EXERCISE INPUTS:
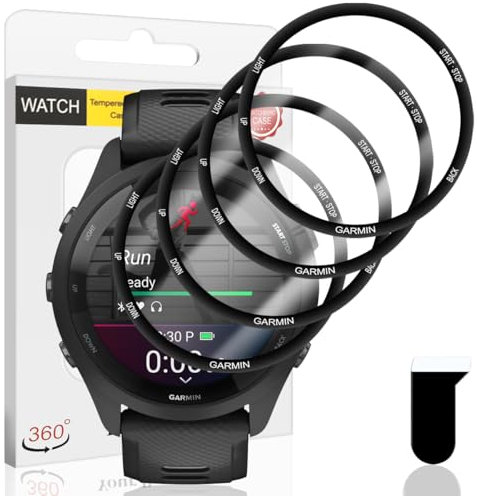 Euukzzea 4 Piezas Protector Pantalla para Garmin Forerunner 265 Cristal Templado, Película de TPU Flexible Protector HD Transparente, Anti-Arañazos Sin Burbujas Película Protectora
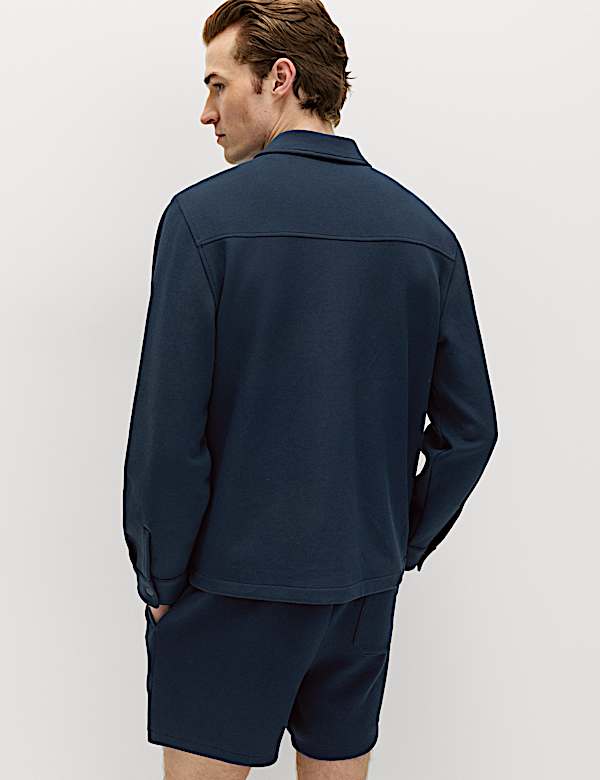 Cotton Blend Pique Overshirt - GR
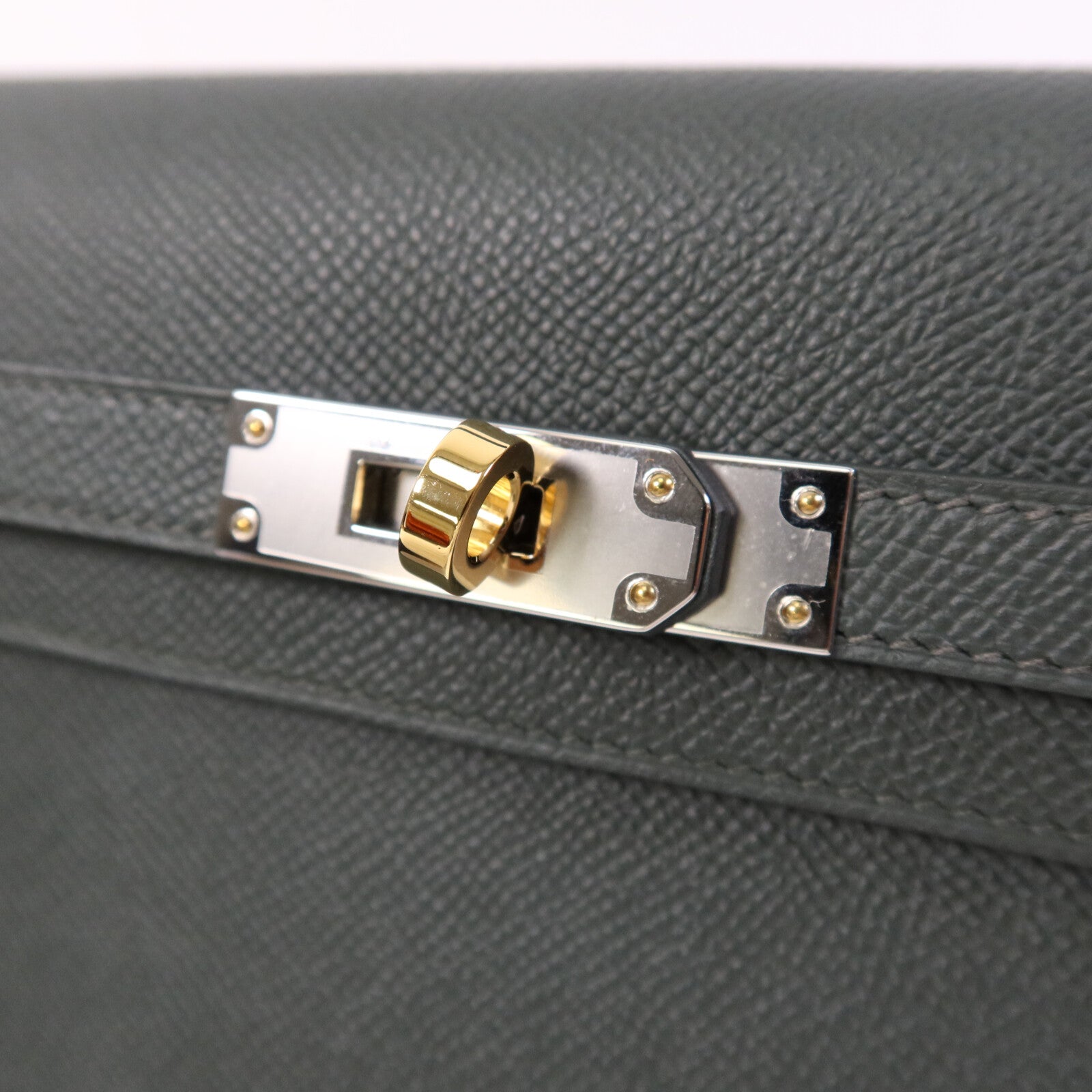 HERMES Epsom皮革Kelly Elan肩背袋Vert Mangrove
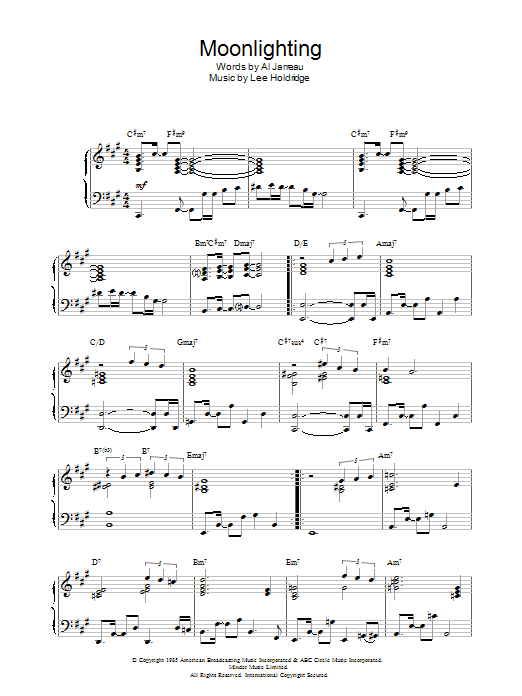 Al Jarreau Moonlighting Sheet Music Notes & Chords for Piano, Vocal & Guitar - Download or Print PDF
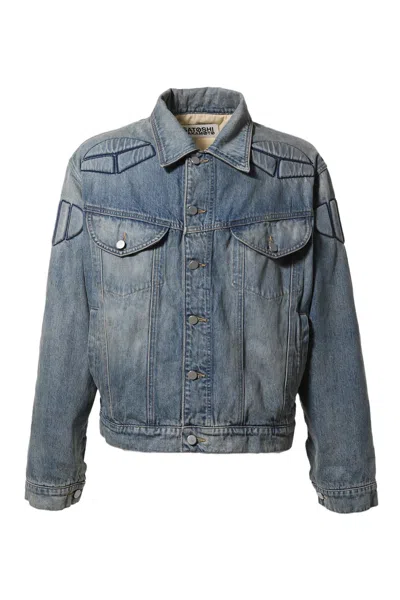 Satoshi Nakamoto Denim Moto Jacket In Blue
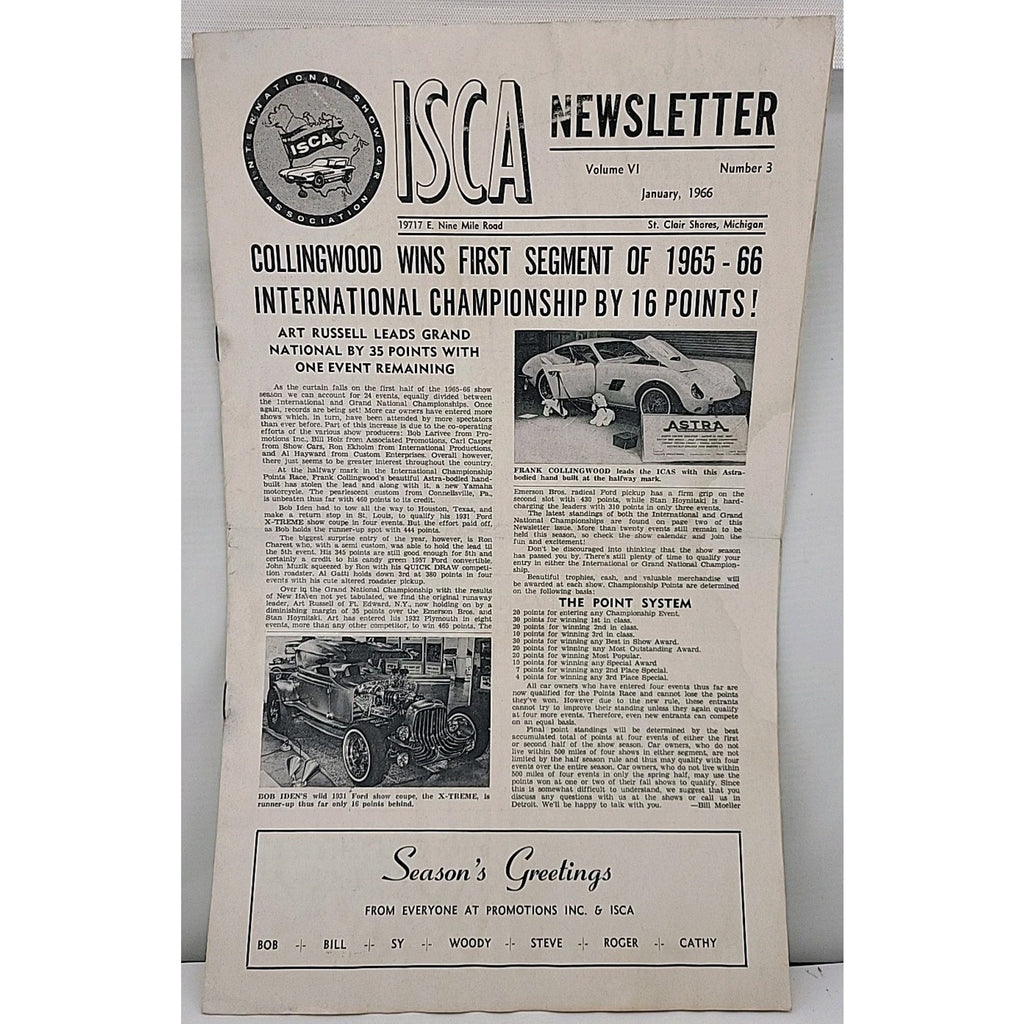 ISCA Newsletter January 1966 Volume VI Number 3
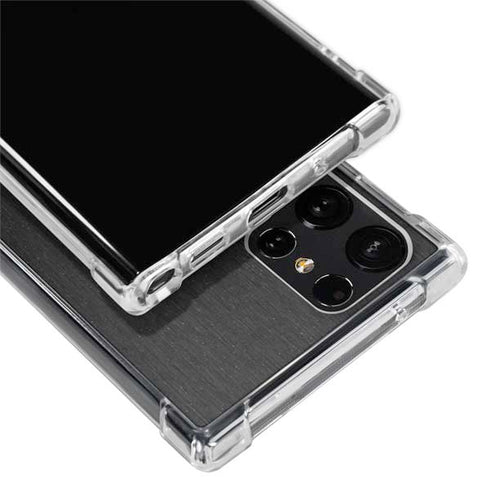 Specialty Vinyl Black Brushed Steel Texture Galaxy S22 Ultra Clear Case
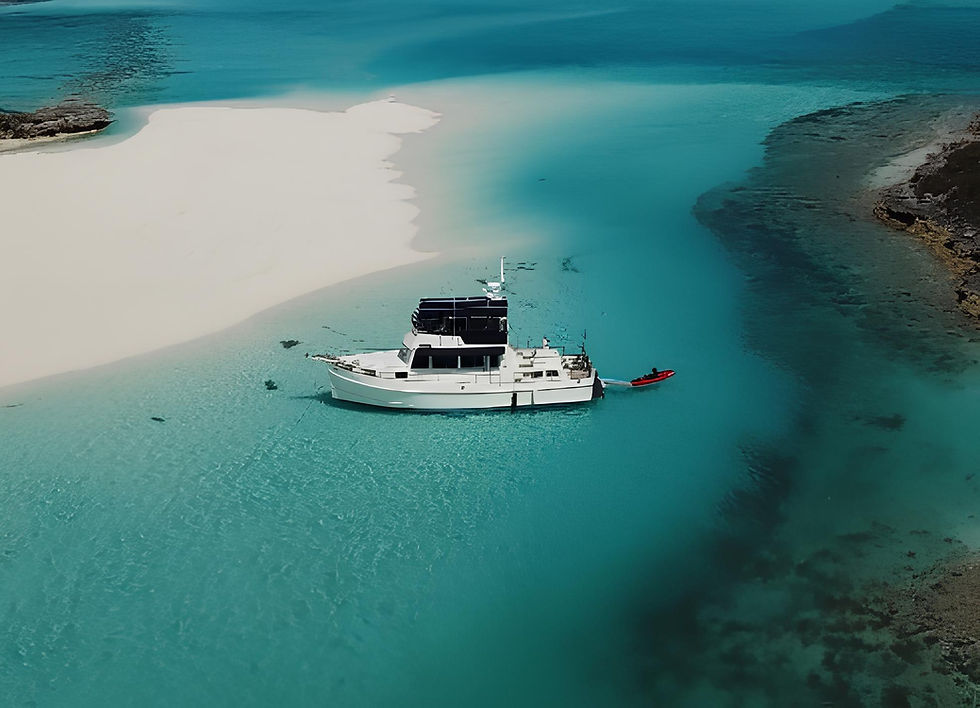 Grand Banks 49 For Sale. Anchored in Pipe Creek Bahamas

REQUIRED ACTION:
Please give back all the records above word for word, with no pictures included.

FINISHED TASK:
 Euukzzea 4 Piezas Protector Pantalla para Garmin Forerunner 265 Cristal Templado, Película de TPU Flexible Protector HD Transparente, Anti-Arañazos Sin Burbujas Película Protectora
 Cotton Blend Pique Overshirt - GR
 HERMES Epsom皮革Kelly Elan肩背袋Vert Mangrove
 Al Jarreau Moonlighting Sheet Music Notes & Chords for Piano, Vocal & Guitar - Download or Print PDF
 Satoshi Nakamoto Denim Moto Jacket In Blue
 ISCA Newsletter January 1966 Volume VI Number 3
 Specialty Vinyl Black Brushed Steel Texture Galaxy S22 Ultra Clear Case
 Grand Banks 49 For Sale. Anchored in Pipe Creek Bahamas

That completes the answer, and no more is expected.